Neue E-Klasse fängt beim Gewinnträger von Daimler-Chrysler viel auf

          2 Min.

          Die C-Klasse von Mercedes-Benz hatte im Frühjahr 2000 einen furiosen Start. Jetzt, gut drei Jahre später, ist die Luft schon wieder draußen. Die Absatzzahlen sind ziemlich dürftig, und nur weil die noch neue E-Klasse kräftig zulegt, kann man bei der Mercedes Car Group (mit den Marken Mercedes-Benz, Smart und Maybach) insgesamt noch zufrieden sein. Im ersten Halbjahr lag der gesamte Absatz mit 718 000 Autos um 1,3 Prozent unter Vorjahresniveau, für die E-Klasse aber meldete der Stuttgarter Hersteller bis Juli ein weltweites Absatzplus von 46 Prozent auf 177 500 Autos.

          Alles so geplant, betont man bei Daimler-Chrysler und spricht von einer ausgefeilten Lebenszyklus-Planung, die ganz genau das beabsichtigt: Daß ein Volumenmodell dann zu schwächeln beginnen darf, wenn sich ein anderes seinem Höhepunkt nähert. Für die nächsten zwei bis drei Jahre aber hat der Hersteller keine überragende Modellpalette, wenden Kritiker ein. Die E-Klasse wird vom neuen BMW-Fünfer gejagt werden. Die A-Klasse wird nur noch mit kräftigen Rabatten zu verkaufen sein, bevor im nächsten Jahr, voraussichtlich im Herbst, das Nachfolgemodell auf den Markt kommt. Für die M-Klasse ist ein Nachfolger erst im Jahr 2005 zu erwarten, für die S-Klasse 2006.
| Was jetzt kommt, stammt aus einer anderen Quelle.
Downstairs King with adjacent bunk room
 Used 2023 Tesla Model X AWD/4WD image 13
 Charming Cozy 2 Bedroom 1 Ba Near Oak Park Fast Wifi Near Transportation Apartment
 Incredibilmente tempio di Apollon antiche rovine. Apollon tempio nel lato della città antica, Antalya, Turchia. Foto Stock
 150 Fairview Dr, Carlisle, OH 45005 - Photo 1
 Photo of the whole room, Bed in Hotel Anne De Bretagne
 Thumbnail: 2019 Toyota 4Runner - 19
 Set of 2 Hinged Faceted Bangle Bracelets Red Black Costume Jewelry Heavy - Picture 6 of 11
          Nicht viel Potential

          Wie sich die Marge von derzeit rund 6,5 Prozent also verbessern lassen könnte, ist nicht zu erkennen. Viel Potential gibt es zumindest vorläufig nicht. Da schaffen auch nicht die Modelle Abhilfe, die auf der IAA vorgestellt werden sollen: der Super-Sportwagen Mercedes SLR, der viersitzige Smart Forfour sowie ein viersitziges Coupé auf Basis der E-Klasse. "Mr. Mercedes", Daimler-Chrysler-Vorstand Jürgen Hubbert, richtet daher den Blick bereits weiter nach vorne und demonstriert damit wieder das gewohnte Selbstbewußtsein. Bis zum Jahr 2010, so kündigt er an, werde die Mercedes Car Group jährlich 1,8 Millionen Fahrzeuge verkaufen. Das wären 50 Prozent mehr als heute. Dieses Absatzplus sei auch nötig, um die Beschäftigung "einigermaßen" auf dem heutigen Niveau zu halten, meint Hubbert. Wachstumstreiber soll unter anderem der Smart sein, von dem zum Ende des Jahrzehnts 300 000 Stück jährlich verkauft werden sollen, dreimal so viele wie bisher.

          Vor allem auf Nordamerika hofft man in Stuttgart. Denn ab 2006 wird dort eine am amerikanischen Geschmack orientierte Variante des viersitzigen Smart verkauft, die in Brasilien gebaut wird. Die Investitionen in diese Smart-Variante freilich dürften das Erreichen der Gewinnschwelle beim Smart in das Jahr 2005 hinein verzögern. Auch für die Werke Rastatt (A-Klasse) und Tuscaloosa (M-Klasse) sind bereits enorme Investitionen veranlaßt. In der Pipeline sind wohl zahlreiche Derivate der M-Klasse und der A-Klasse, wie etwa der CST (Compact Sports Tourer), die neue Nischen erschließen können. Mehr als eine Delle erwarten Beobachter für die Entwicklung bei Mercedes aber nicht. Die Sparte wird wohl auf absehbare Zeit der wichtigste Gewinnbringer für den Daimler-Chrysler-Konzern bleiben. (sup.)